On peut donc légitimement s’interroger sur les politiques d’urbanisme, mais aussi sur le financement de l’enseignement privé qui scolarise une majorité d’élèves de milieux favorisés.
Œuvrer à une plus grande mixité est fondamental, mais ce n’est pas tout… L’École a besoin d’un temps long, d’un temps éloigné du temps politique. Il s’agit de sortir du Stop n’go. Il s’agit de penser les réformes sur le long terme et non selon le projet du locataire de la rue de Grenelle – et vu comme ils et elles se succèdent depuis un an, c’est loin d’être rassurant… L’École est un objet politique. Elle a besoin d’être au centre d’un projet politique ambitieux. Malheureusement, aujourd’hui, il y a plus d’opportunisme que d’intérêt réel chez les ministres…
Comme je le disais au début de notre entretien, choisir le modèle éducatif que l’on défend, c’est faire le choix du modèle de société que l’on veut.
Chronik - Comment renouer avec la promesse républicaine d'une école au service de l'égalité et de la citoyenneté ? Quels sont les chantiers et mesures prioritaires ?
LBH - Pour une École de tous et toutes au service de toutes et tous, il faut qu’elle redevienne notre bien commun. Que l’on se rappelle que c’est en son sein que se joue notre avenir à toutes et tous. Les chantiers sont multiples, vous vous en doutez bien.
L’école a évidemment besoin de moyens. Elle a besoin que ses personnels soient revalorisés et mieux formés – voire formés tout court. Elle a besoin de classes moins chargées (je rappelle que l’école française fait partie de celles ayant le plus d’élèves par classe en Europe…).
Notre école a besoin que les équipes pédagogiques retrouvent du sens dans leur mission. Pour ce faire, elles ont besoin de temps. De temps pour se retrouver entre professionnels afin de faire vivre les collectifs. De temps pour être à l’écoute des besoins de leurs élèves. De temps pour s’interroger, mettre en place des pédagogies coopératives et innover - j’aime à penser que l’école est un laboratoire.

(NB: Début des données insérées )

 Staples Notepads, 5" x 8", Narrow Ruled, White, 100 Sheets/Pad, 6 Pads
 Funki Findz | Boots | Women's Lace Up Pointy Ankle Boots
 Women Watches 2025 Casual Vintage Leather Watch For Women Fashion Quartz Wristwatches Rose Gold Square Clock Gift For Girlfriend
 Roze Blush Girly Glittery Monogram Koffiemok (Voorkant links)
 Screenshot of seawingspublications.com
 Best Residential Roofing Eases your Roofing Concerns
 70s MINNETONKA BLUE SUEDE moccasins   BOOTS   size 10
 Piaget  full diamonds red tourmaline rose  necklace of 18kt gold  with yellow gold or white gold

Mais si l’École peut beaucoup, elle ne peut pas seule. Elle a besoin que la notion de communauté éducative prenne tout son sens. La place des parents doit être reconnue, les structures médico-sociales – de moins en moins nombreuses, doivent être soutenues budgétairement, tout comme l’éducation populaire, qui prépare aussi à l’exercice de la citoyenneté.
L’école a besoin de constance et d’apaisement. Le monde de demain se construit aujourd’hui, donnons à notre avenir les moyens de sa réussite.